Just one serious question and one nit below:

> +void __wbt_done(struct rq_wb *rwb, enum wbt_flags wb_acct)
> +{
> +	struct rq_wait *rqw;
> +	int inflight, limit;
> +
> +	if (!(wb_acct & WBT_TRACKED))
> +		return;
> +
> +	rqw = get_rq_wait(rwb, wb_acct & WBT_KSWAPD);
> +	inflight = atomic_dec_return(&rqw->inflight);
> +
> +	/*
> +	 * wbt got disabled with IO in flight.

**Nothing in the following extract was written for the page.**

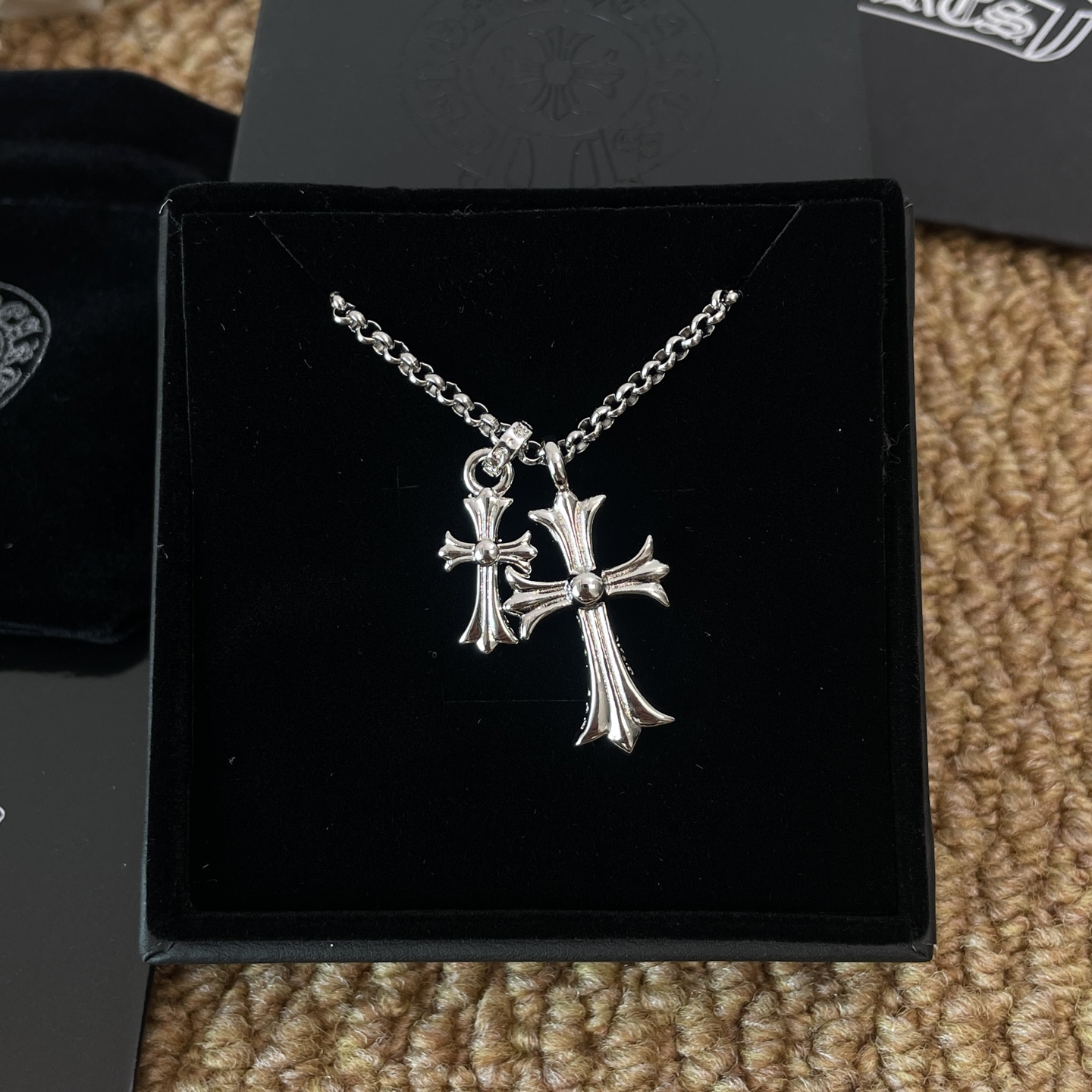 Chrome Hearts Double Cross Necklace #385196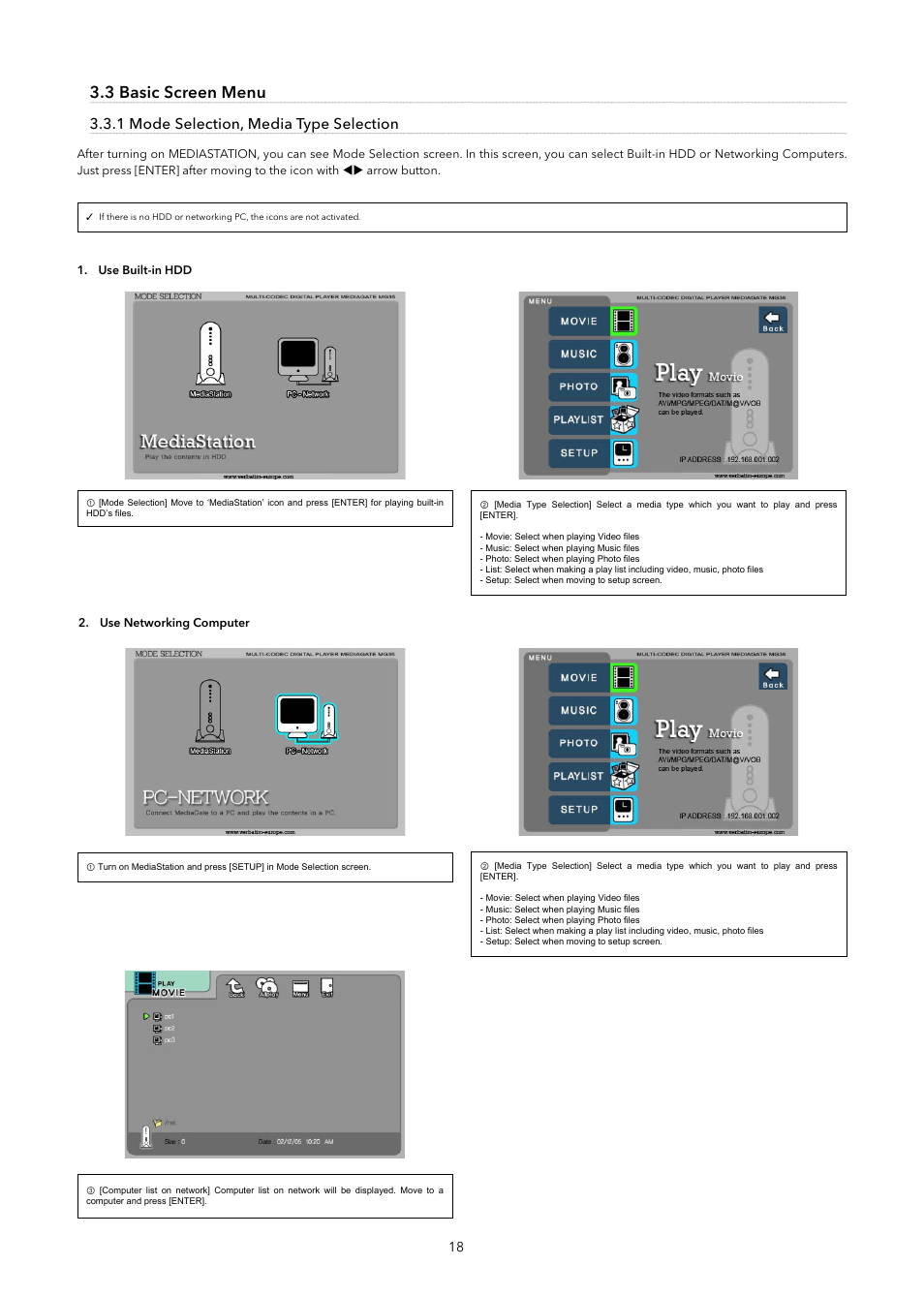 3 basic screen menu, 1 mode selection, media type selection | Verbatim MediaStation Network Multimedia Hard Drive User Manual | Page 18 / 27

Wake up any potential
> +	 * waiters, we don't have to do more than that.
> +	 */
> +	if (unlikely(!rwb_enabled(rwb))) {
> +		rwb_wake_all(rwb);
> +		return;
> +	}
> +
> +	/*
> +	 * If the device does write back caching, drop further down
> +	 * before we wake people up.
> +	 */
> +	if (rwb->wc && !wb_recent_wait(rwb))
> +		limit = 0;
> +	else
> +		limit = rwb->wb_normal;

So for devices with write cache, you will completely drain the device
before waking anybody waiting to issue new requests. Isn't it too strict?
In particular may_queue() will allow new writers to issue new writes once
we drop below the limit so it can happen that some processes will be
effectively starved waiting in may_queue?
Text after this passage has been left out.